It is tempting to view a corporate reorganisation, imposition of a holding company or demerger of two or more subsidiaries as internal and therefore not requiring “paperwork”. Directors are keen to make the document trail ‘lighter’. However it is a false economy to skip on the paperwork as you could be opening up claims from people like HMRC and shareholders.

To help you navigate the requirements involved with a corporate reorganisation we have explained the overview needed to prepare the step list. A solid step list if nothing else focuses the mind on the order of events and filings needed at Companies House and or HMRC.

HMRC clearance applications for reorganisations

Tax is usually a central factor in how reorganisations are structured. Seeking HMRC clearance can provide certainty that the proposed transaction will not generate unexpected stamp duty, income tax or capital gains tax liabilities. Depending on the type of reorganisation there may be more than one clearance application for the new structure. It is important to get the application letters right.

Dealing with applications and the step lists to support is a growing area of work for us as HMRC steps up surveillance. Our rate of successful HMRC clearance application is strong.

Board minutes

Board minutes easy to ignore and often wrongly regarded as ‘internal’. Various board minutes are required throughout the reorganisation process. It would be a mistake not to have the proper paper trail in place. If HMRC review, the first documents they call for are board minutes. In addition to business matters that the board is required to consider when implementing a reorganisation scheme it is also necessary to deal with conflict of interests and any interest that directors may have in the proposed transactions. Ignoring these matters can come back to haunt directors who could be facing claims against them in the future.

Shareholder approvals and timing

Similarly, shareholder approvals should not be ignored. Shareholder approvals are typically required in the context of variation of share class rights, substantial property transactions and in certain types of demergers approval of solvency statements and the reduction of capital. The articles, shareholders agreement or investment agreement may also set aside matters that require additional shareholder approval to that required under the Companies Act.

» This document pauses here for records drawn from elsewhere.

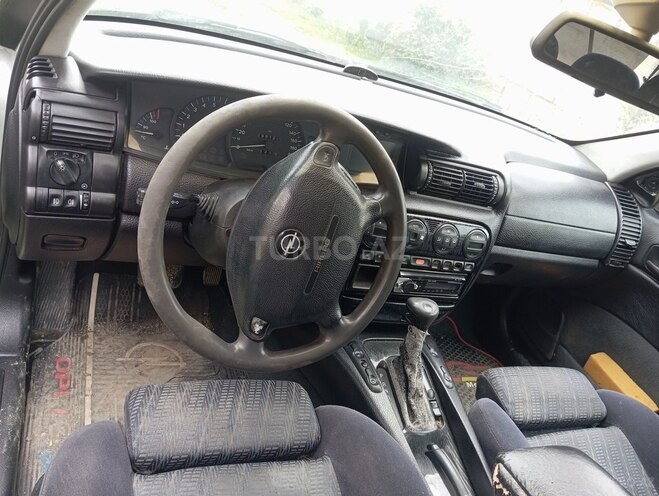 Opel Omega 1998, 298,126 km - 2.0 л - Şabran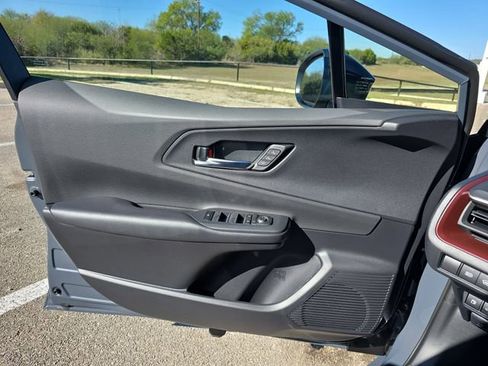 New 2026 Toyota Prius Plug-In Hybrid FWD image 27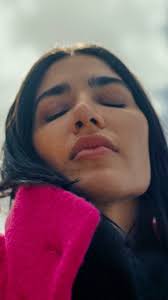 Gib’ Dir das gute Gefühl von zeitloser Eleganz und nachhaltigen  Materialien! 🪡 , Diese Jacke besteht aus europäischer Wolle, die  nachhaltig in Italien produziert wird. Vereine Stil und Sustainability ...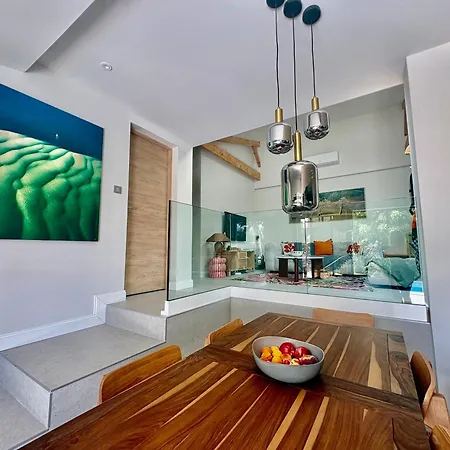 Villaneuve 4 People Full Center Pool Parking Wi-fi Αρασόν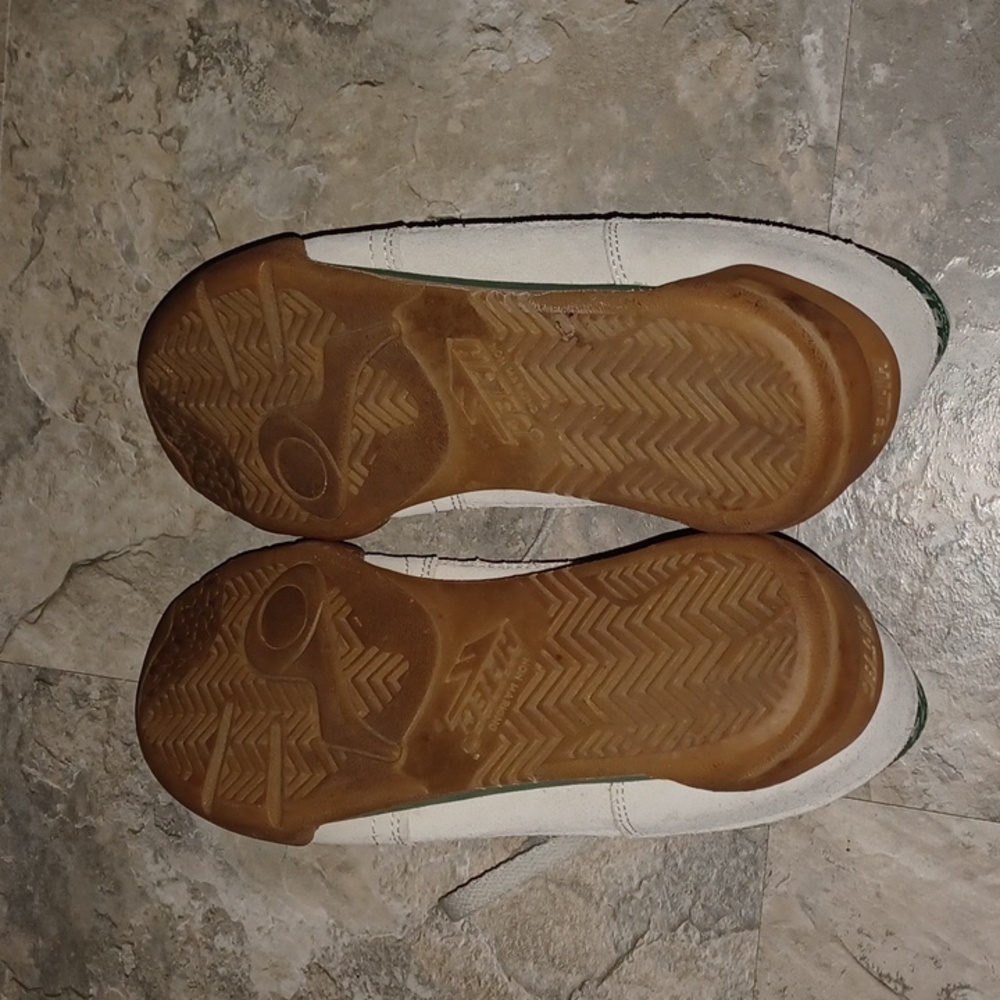 Hi Tec White and Green Sneakers, sz 6 1/2 - Picture 2 of 6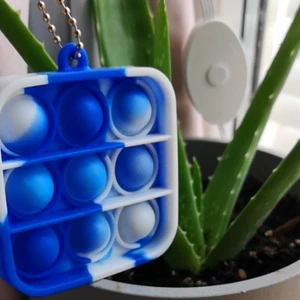 Mini pop it - Hej, nu säljer jag denna mini popiten💞 i färgen blå och vit🌼❤️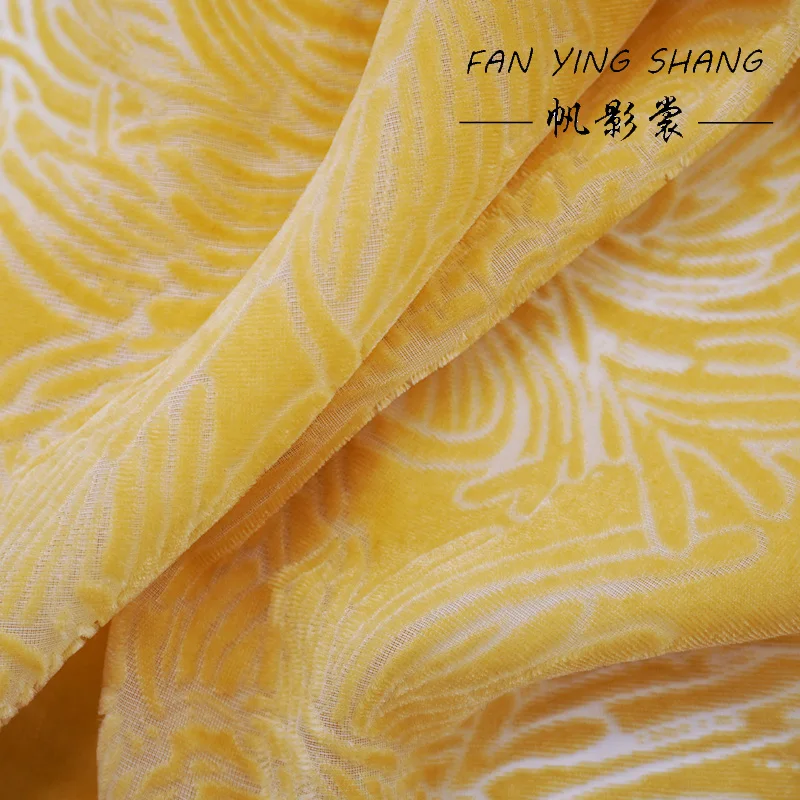 2026 Yellow Chrysanthemum Burnt Out Velvet Fabric For Dress Telas Para Costura Tissus Couture ткань Cloth Material Sewing view 4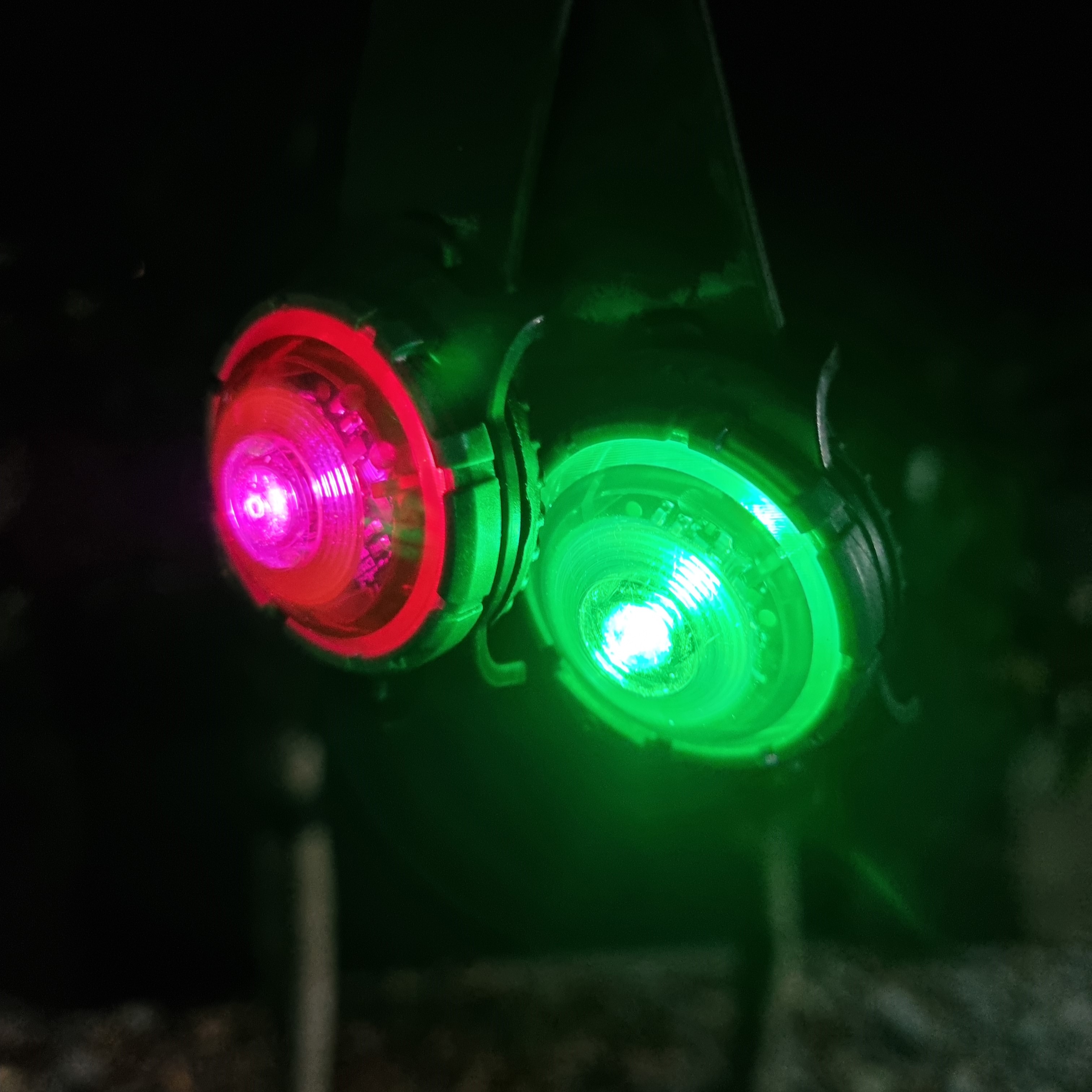 Orbiloc Dual Dog™ Safety Light - Pink and Green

It is also important to get the timing of obtaining shareholder approvals right since they will be prerequisite for the execution of some steps.

Filings

Any reorganisation will involve various filing and reporting to Companies House and HMRC and it is essential to have all necessary forms prepared and filed on time. Companies could face penalties for late filing or reporting.

What can go wrong in reorganisations and demergers

Reorganisations are typically complex and multi-stage transactions which require an understanding of a broad range of tax legislation. There can be many pitfalls and traps awaiting the inexperienced. Some examples include:

Share exchange agreement

One of the steps in creating a new group structure/inserting a new holding is a share exchange agreement. Care should be taken when implementing the share for share exchanges to achieve tax neutrality. To achieve a tax neutral exchange it is essential that the shareholding in the new holding company mirrors the current shareholdings in target. Most practitioners will get the number or proportion of shareholding right but often in preparation for later stages will use different classes of shares and thereby fail to obtain stamp duty clearance for the transaction.

Book value valuation

In capital reduction demergers it is an easy mistake to use the book value valuation for the share for share exchange. However, the number of shares issued in the new holding company should equal the market value of the assets in the new Holding Company. This is because when the Holding Company then reduces its capital, if the reduction is less than this market value (e.g. if it was reduced only by the book value), there is a distribution of the difference in value under S.1000(1)B CTA 2010, and no capital gains reliefs can apply to this distribution element.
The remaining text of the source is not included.